[Saved data entries]
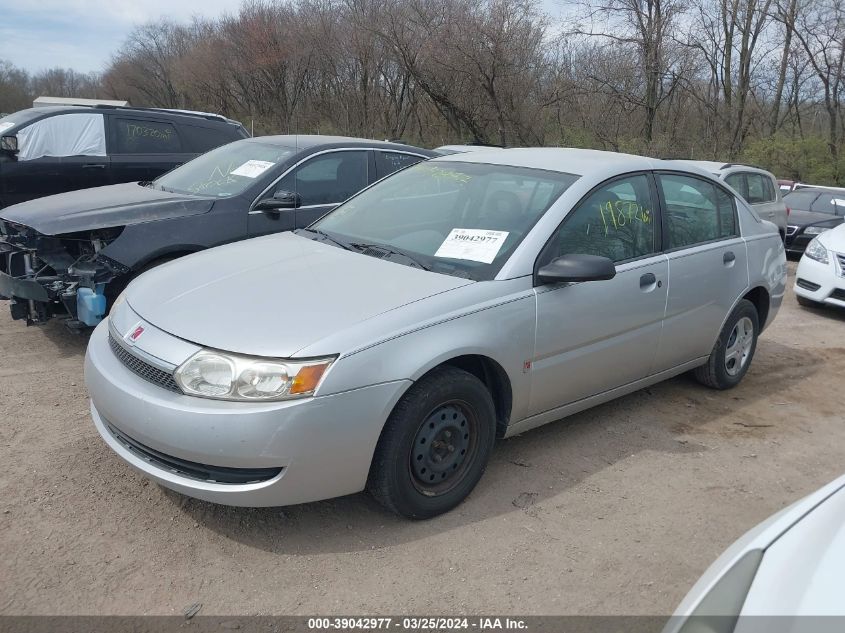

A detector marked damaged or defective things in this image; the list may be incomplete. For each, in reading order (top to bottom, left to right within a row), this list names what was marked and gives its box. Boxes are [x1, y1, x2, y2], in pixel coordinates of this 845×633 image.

damaged black suv [0, 133, 432, 326]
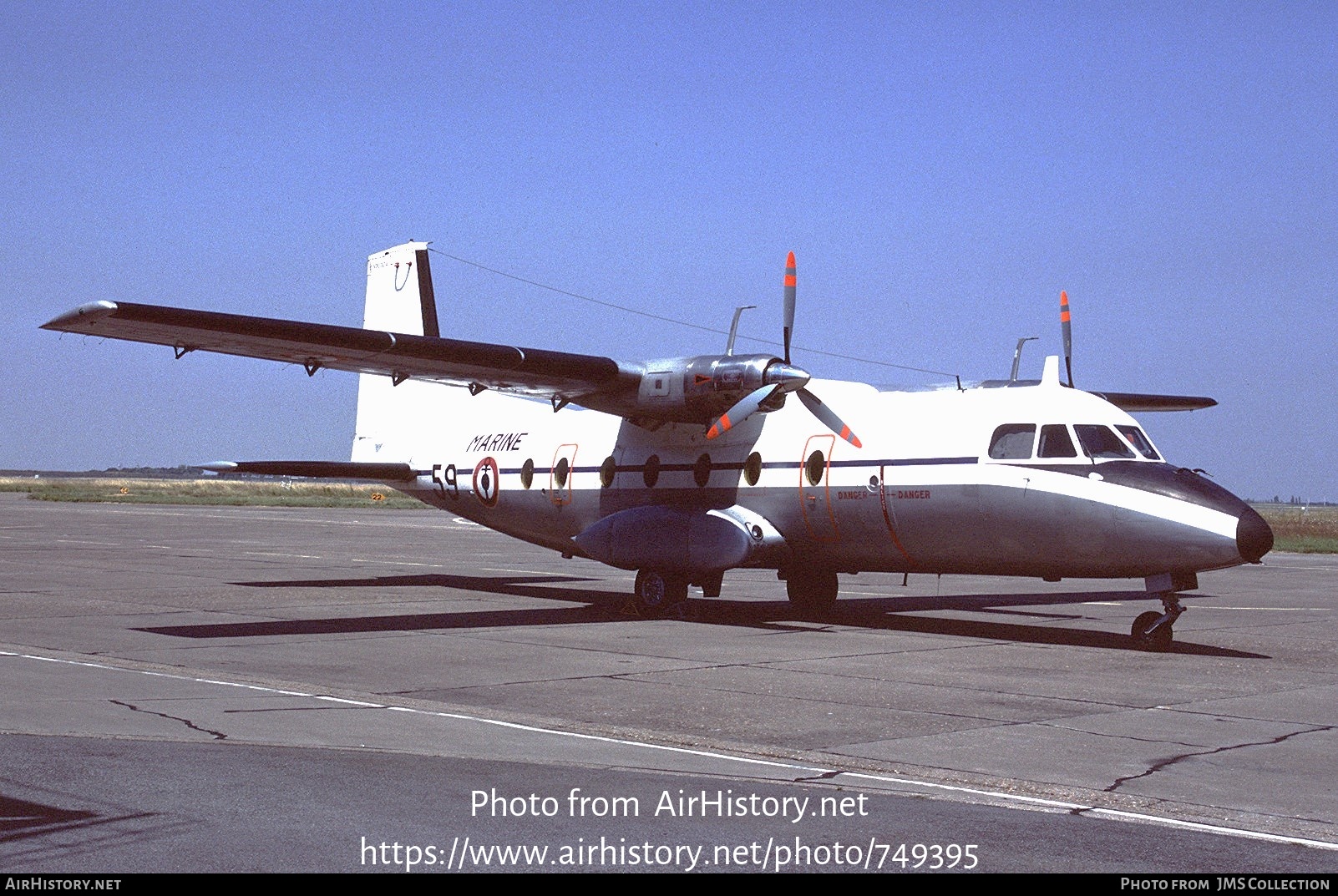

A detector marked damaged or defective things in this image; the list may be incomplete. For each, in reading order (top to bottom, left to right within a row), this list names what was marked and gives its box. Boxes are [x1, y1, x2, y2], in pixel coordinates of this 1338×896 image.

pavement crack [109, 701, 227, 743]
pavement crack [1102, 727, 1332, 797]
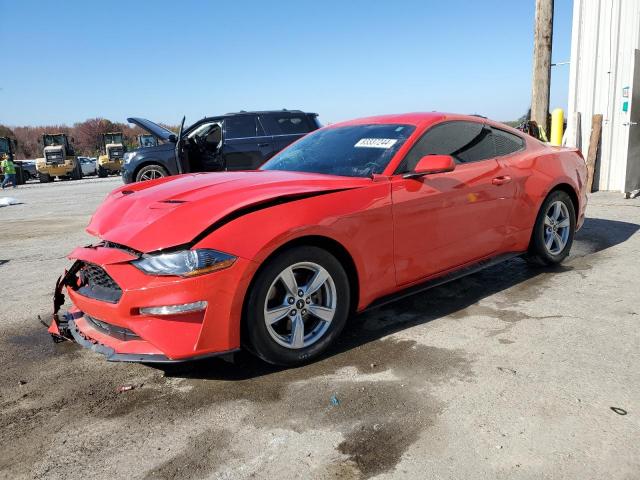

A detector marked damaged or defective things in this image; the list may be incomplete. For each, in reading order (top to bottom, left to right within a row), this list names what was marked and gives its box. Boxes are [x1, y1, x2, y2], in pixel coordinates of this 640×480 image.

crumpled hood [85, 170, 370, 253]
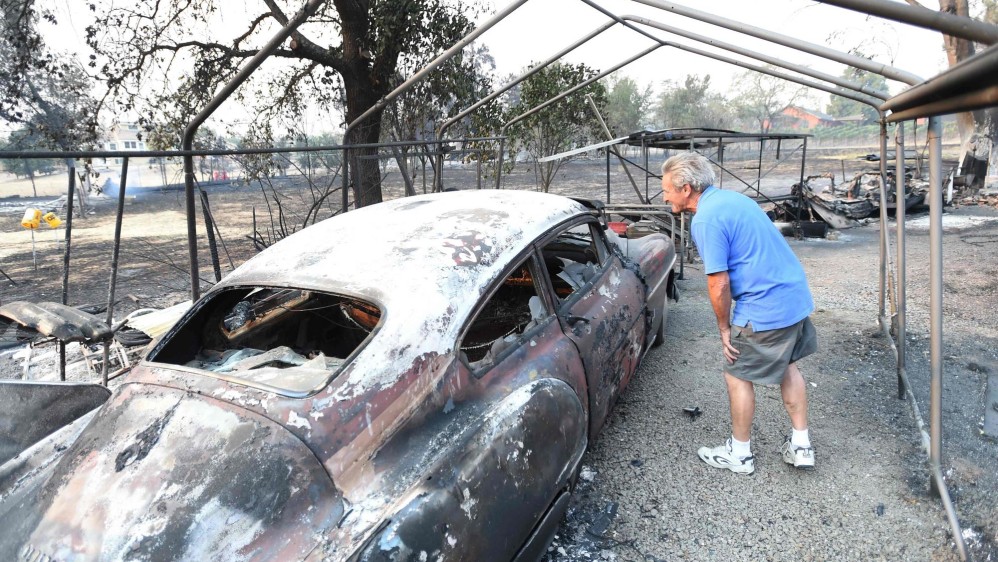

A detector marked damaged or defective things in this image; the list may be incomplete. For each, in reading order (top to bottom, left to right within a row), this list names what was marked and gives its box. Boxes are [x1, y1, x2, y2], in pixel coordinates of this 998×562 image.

burned car interior [150, 288, 380, 390]
burned car [0, 190, 680, 556]
burned vehicle in background [0, 190, 680, 556]
charred car body [0, 190, 680, 556]
rusted car panel [0, 190, 680, 556]
burned rear fender [352, 378, 584, 556]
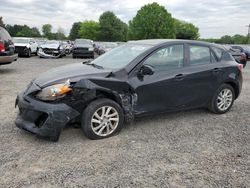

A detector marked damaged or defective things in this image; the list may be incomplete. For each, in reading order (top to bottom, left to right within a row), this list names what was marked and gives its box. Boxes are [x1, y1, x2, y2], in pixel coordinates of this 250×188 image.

broken headlight [35, 79, 72, 101]
crumpled hood [33, 62, 111, 87]
damaged black car [15, 39, 242, 141]
detached front bumper [14, 91, 80, 141]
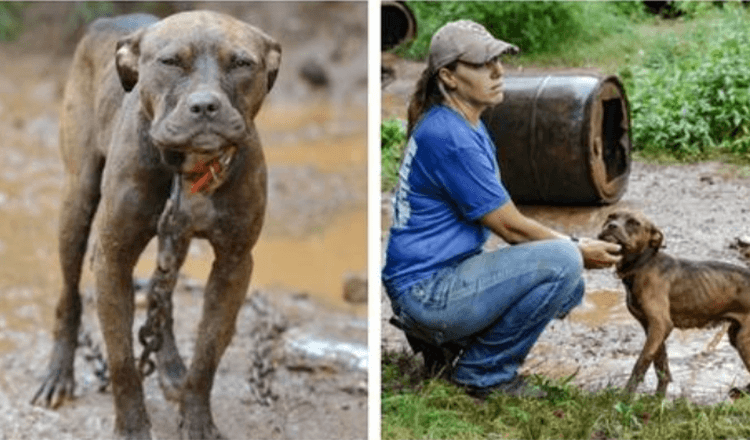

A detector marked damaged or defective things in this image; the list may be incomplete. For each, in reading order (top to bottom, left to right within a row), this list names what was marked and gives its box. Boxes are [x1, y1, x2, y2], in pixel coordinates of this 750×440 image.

■ EXERCISE PROMPT
Retype, word for word, the line containing "this 1338×896 image." and each line after it through the end of the data, leaving any picture out.

■ PROBLEM SOLUTION
A detector marked damaged or defective things in this image; the list may be incomplete. For each, in reading order (top to bottom, left to right within a row), this list names what was marked and gives its box. Boxes are [x1, y1, x2, y2], in pixel coordinates of this 1338×896 image.

pavement crack [109, 701, 227, 743]
pavement crack [1102, 727, 1332, 797]

A detector marked damaged or defective things in this image; the list may be incomplete. For each, in reading order (top to bottom, left to right within a row), this list names what was marked and gives its box. Boxes are [x1, y1, x2, y2], in pixel coordinates of this 640×480 image.

crumpled hood [85, 170, 370, 253]

A detector marked damaged or defective things in this image; the list may be incomplete. For each, in reading order (top to bottom, left to right within a row), this list names what was marked and gives its box. Boxes are [x1, y1, x2, y2], in pixel coordinates of this 998×562 image.

burned car interior [150, 288, 380, 390]
burned car [0, 190, 680, 556]
burned vehicle in background [0, 190, 680, 556]
charred car body [0, 190, 680, 556]
rusted car panel [0, 190, 680, 556]
burned rear fender [352, 378, 584, 556]

A detector marked damaged or defective things in this image; the list may be incomplete. For each, in reading order (top to bottom, left to right within a row), this list names what was marked and gives its box. Boxes are [x1, y1, x2, y2], in pixel coordinates of this 250×188 image.

broken headlight [35, 79, 72, 101]
crumpled hood [33, 62, 111, 87]
damaged black car [15, 39, 242, 141]
detached front bumper [14, 91, 80, 141]

A detector marked damaged or defective things in this image; the list may be incomplete. For each, in reading order (top to bottom, left to right within a row), this list names what was marked and gives its box. Boxes are [x1, y1, x2, y2], in pixel coordinates of this 750×440 image.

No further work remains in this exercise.